Member of Parliament for Halifax

Personal details
- Born: January 27, 1816 Halifax, Nova Scotia
- Died: February 19, 1901 (aged 85)
- Party: Liberal-Conservative
- Education: University of Edinburgh, University of Glasgow
- Occupation: Physician, politician

= William Johnston Almon =

Canadian surgeon and politician (1816–1901)

William Johnston Almon (27 January 1816 – 19 February 1901) was a Nova Scotian physician and Canadian parliamentarian. He was the son of William Bruce Almon.

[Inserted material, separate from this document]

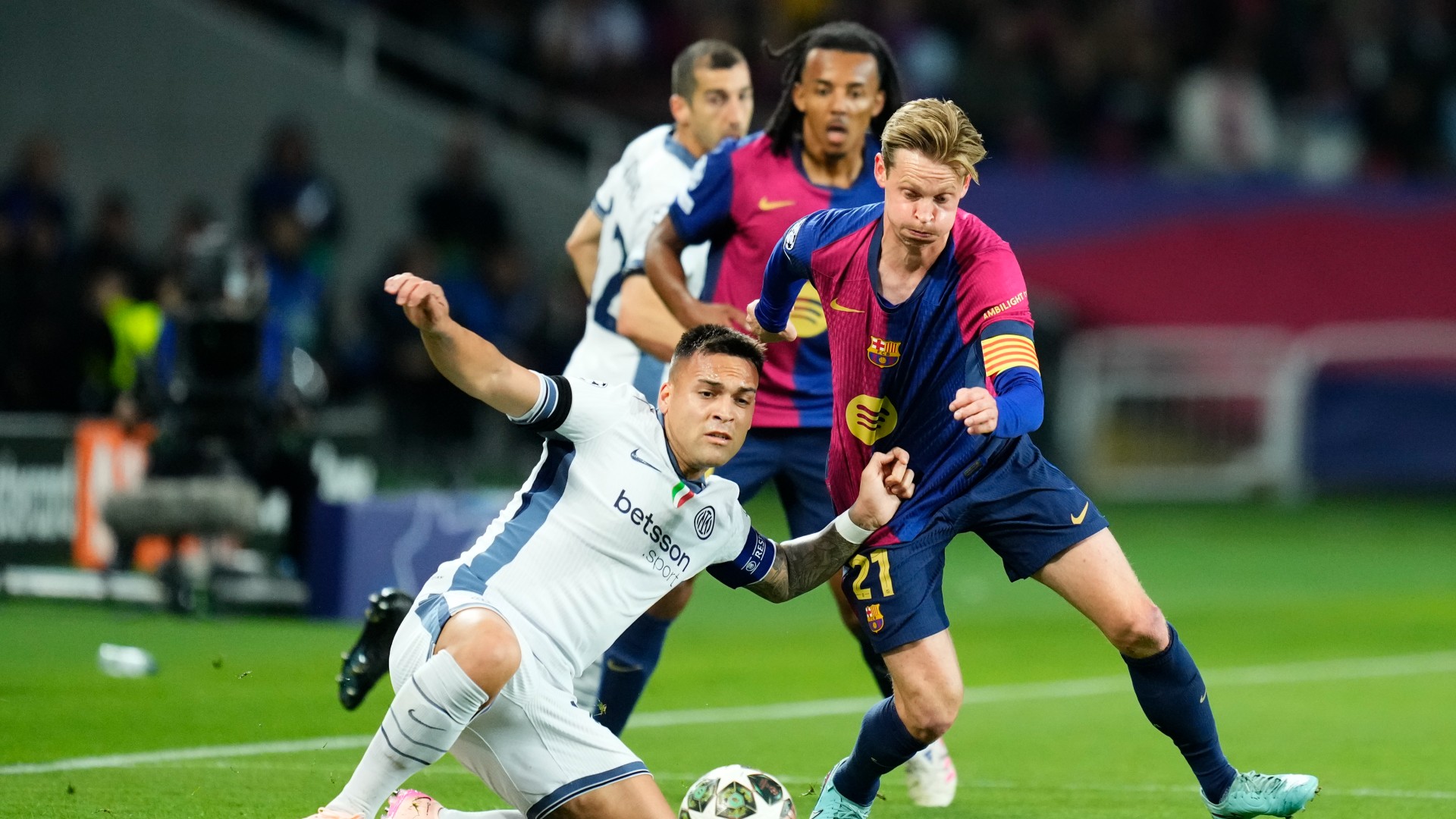 Treble-hunting Barca capable of something special – De Jong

Born in Halifax, Nova Scotia, Almon received his medical education from the University of Edinburgh and the University of Glasgow. He was awarded a medical degree from the later university in 1838. By 1839, Almon had returned to Halifax and had an established a medical practice. He is noted for being among the first physicians in North America to employ chloroform as a surgical anesthetic, a procedure he first performed on 5 February 1848, within 90 days of the first-ever application of chloroform as an anesthetic by James Young Simpson in Edinburgh. Almon was also a pivotal figure in the establishment of the first hospital in Halifax, and helped found, and served three terms as president of, the Medical Society of Nova Scotia.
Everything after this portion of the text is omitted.